La question a d’abord été comprise comme les garanties liées à l’avenir de l’entreprise : en effet , c’est ce qui conditionne largement l’avenir individuel et collectif des ouvriers. Dans tous les secteurs, on retrouve les mêmes préoccupations : délocalisations et licenciements en perspective, même dans les entreprises en bonne santé : Bosch, PSA...
Le travail est dur, déqualifié pour beaucoup d’ouvriers, et la précarité se pointe à l’horizon. Même ceux qui ont un CDI ne sentent pas ce contrat comme une garantie. La mobilité se développe partout, et les secteurs où les commandes se développent en profitent, comme à PSA, pour exiger des heures supplémentaires, et le travail du dimanche.
Un certain nombre de travailleurs interviewés sont dans le secteur public : hôpitaux et SNCF. Leurs craintes rejoignent celles des ouvriers du privé, et ils constatent que l’organisation du travail, l’exploitation, tend à rejoindre les conditions du secteur privé.
En gros, on constate que pour l’avenir, c’est l’incertitude qui domine, qu’aucune garantie n’est offerte, même par les « bonnes boîtes ». Ce sont les marchés qui décident s’ils ferment ici pour ouvrir ailleurs.

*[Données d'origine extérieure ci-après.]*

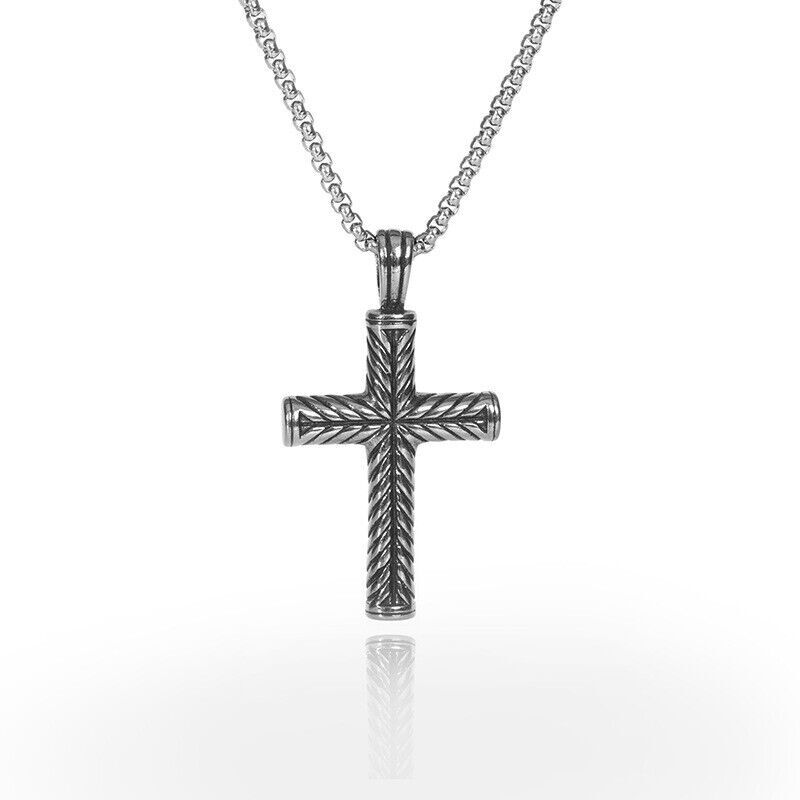 NEW Boys Mens Stainless Steel Vintage Cross Pendant Necklace Men Women Silver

Aussi, on peut le souligner avec une interviewée qui déclare : « L’esprit d’entreprise, c’est l’idée à la mode, mais en réalité, c’est de la merde, il ne faut pas se faire d’illusions ».
Cet esprit d’entreprise si recherché dans la période des nouvelles politiques patronales des années 1980 est bel et bien en recul, en tout cas parmi les ouvriers.
Aujourd’hui, même dans des secteurs d’emploi en municipalité, on ressent et on dénonce « la gestion par le stress ». L’idéalisation du travail, si jamais elle a existé, est bien en recul. On peut ajouter que personne n’imagine aujourd’hui sur son lieu de travail une amélioration des conditions de travail.
L’avenir, c’est aussi celui que nous laisse notre santé : plusieurs ouvrierEs enquêtés s’inquiètent de leur avenir après un grave accident de travail : vont-ils (elles) retrouver un emploi. ? Avoir un poste aménagé ? Rien de moins sûr.
En tout cas, pas question d’accepter de se sacrifier, car, comme le dit justement une ouvrière : « notre vie est déjà un sacrifice ».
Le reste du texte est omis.